Certes, je n'ai pas 25 ans d'expérience professionnelle, ni dans ma fonction atuelle, ni dans la précédente, ni même si je les cumule toutes. Mais je m'approche doucement de la première décennie. J'ai goûté aux joies et au stress du privé, aux joies et aux procédures du public.
Dans le privé, l'arrivée d'un nouveau chef est souvent signe de révolution, tout le monde scrute son visage en se demandant à quelle sauce on va être mangé, et si son arrivée est synonyme de changement d'équipe. Une fois les principales craintes passées, il faut se rendre à l'évidence : tout ce qui a été fait avant son arrivée est "à chier", ce qui fonctionnait très bien le lundi est à proscrire le mardi. On se dirigeait à droite, on change de cap, on repart à gauche. On achetait au Brésil, ce sera Madagascar. Point barre. Le chef a ses raisons, ses objectifs, ses stock options en jeu. Y'aura plus qu'à attendre sa mutation et son successeur.
Dans le public, les choses sont sensiblement les mêmes, mais il y a un facteur considérable en plus : le système.
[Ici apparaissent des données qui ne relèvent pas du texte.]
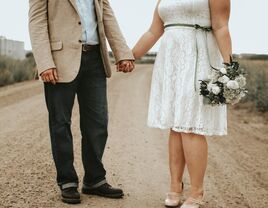 Bride and groom holding hands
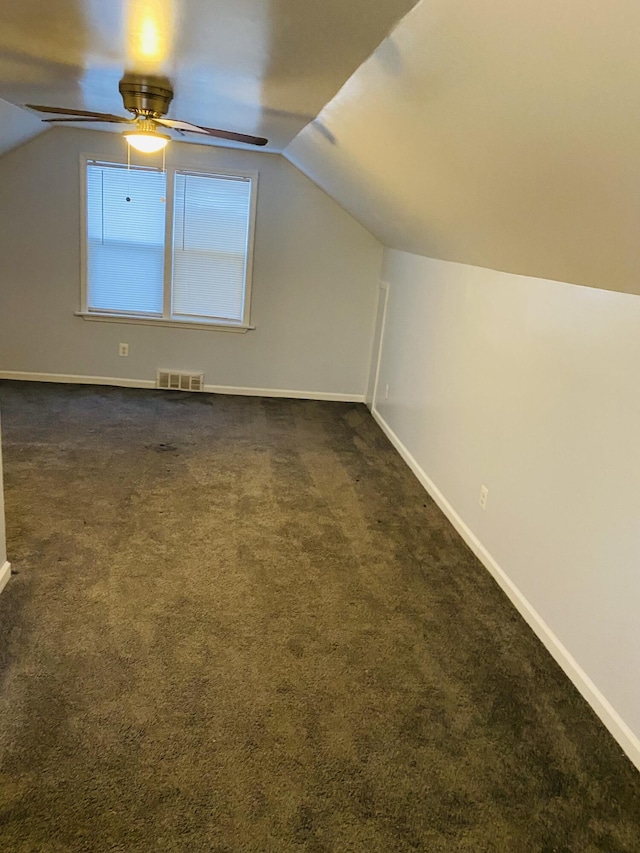 additional living space with ceiling fan, vaulted ceiling, and dark colored carpet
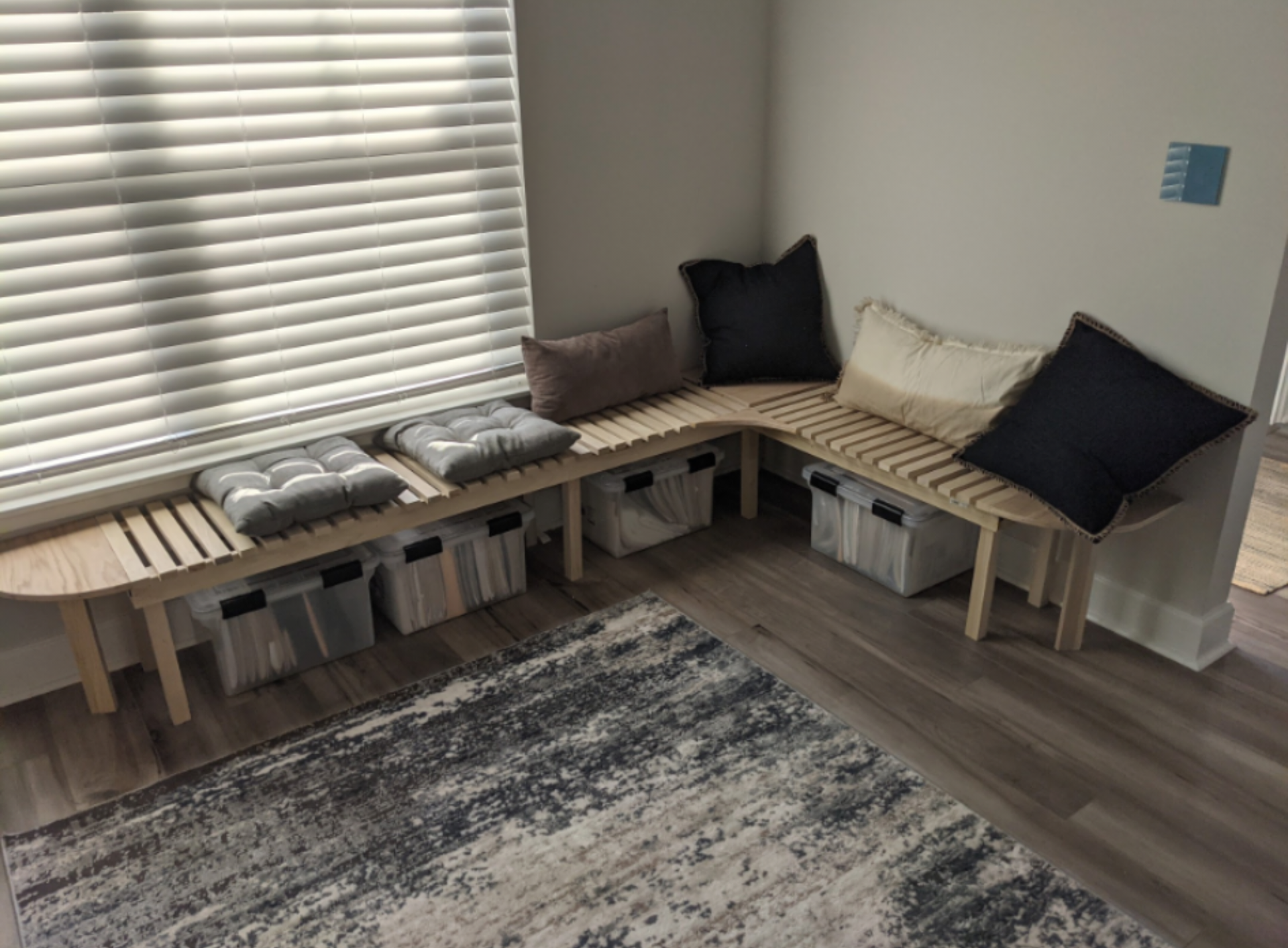 Bench created with storage in mind and seating for customers as needed. The overall design ensured space was avaialble for the bins used to store office work.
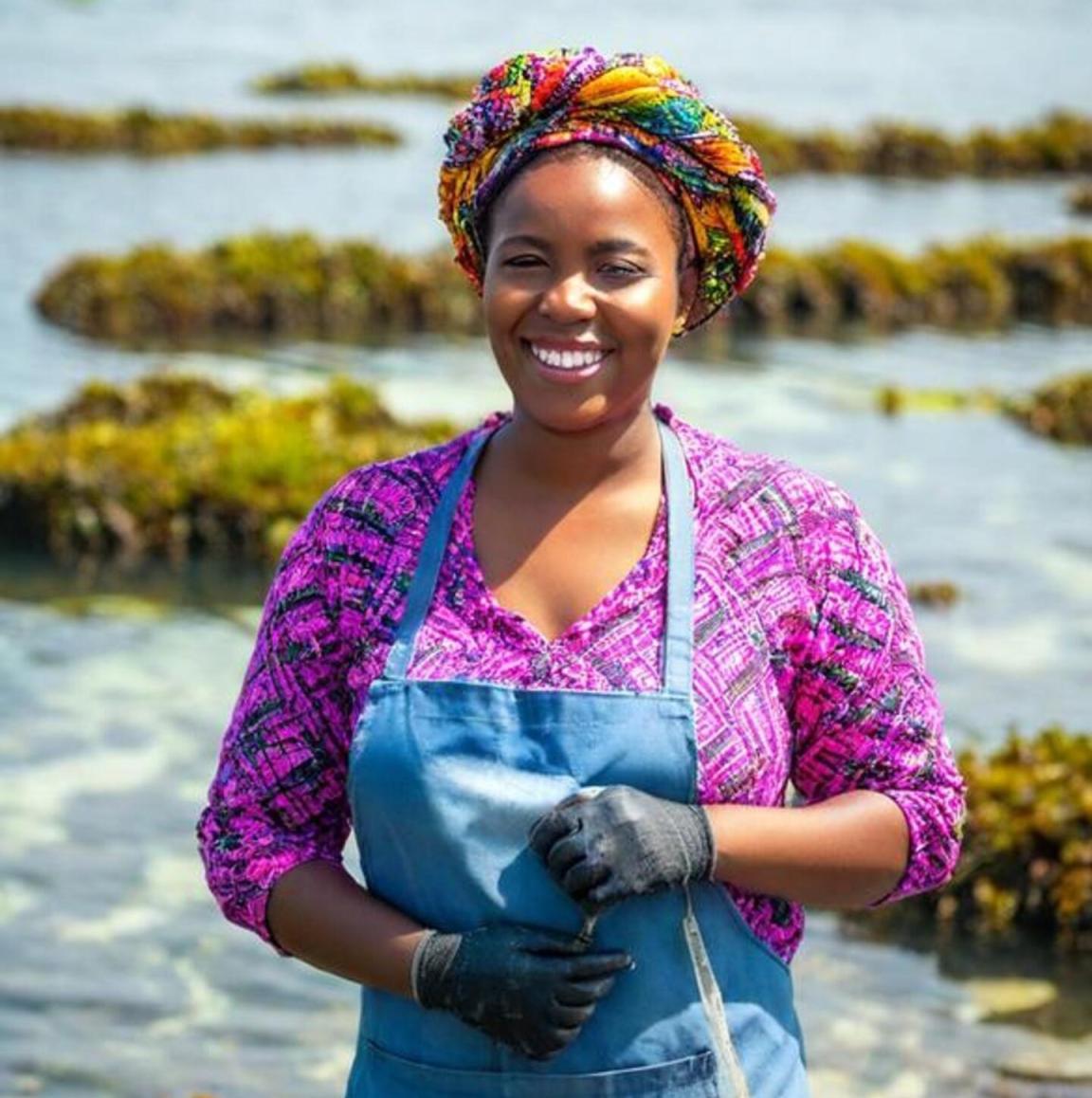 A woman harvesting seaweed from the sea.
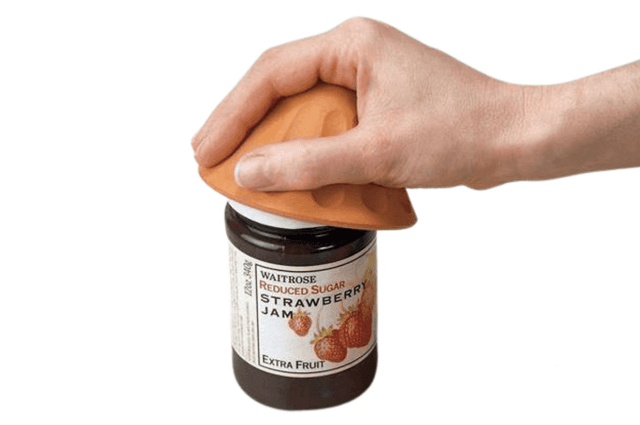 An orange dome-shaped device being used to open a jar lid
Un truc énorme, bien lourd, rempli d'incohérences et d'exceptions, rempli de bonnes et de mauvaises volontés.
Lorsqu'un nouveau chef débarque, on le connaît depuis plusieurs mois. Parce qu'en général, on devine déjà qui va être chef avant même que le prédécesseur annonce son départ. A croire que les choses s'inscrivent d'elles-mêmes.
Le nouveau chef, comme dans le privé, se doit d'ajouter sa touche personnelle, histoire de marquer son passage dans l'institution, de graver son nom sur le "walk of fame" du système. Seulement, lorsqu'il annonce les changements, il n'a, en général, pas encore les moyens de les faire, mais au moins, on est prévenu des intentions de changement, et c'est vachement rassurant. Lorsqu'un an plus tard, on voit débarquer de nouvelles choses, on se regarde entre collègues et on se demande ce qui nous arrive, là. Ce sont en fait les fameux changements dont on avait parlé, mais si, tu ne te souviens pas ? Faut juste que le chef lui-même s'en souvienne, de ses nouveaux plans.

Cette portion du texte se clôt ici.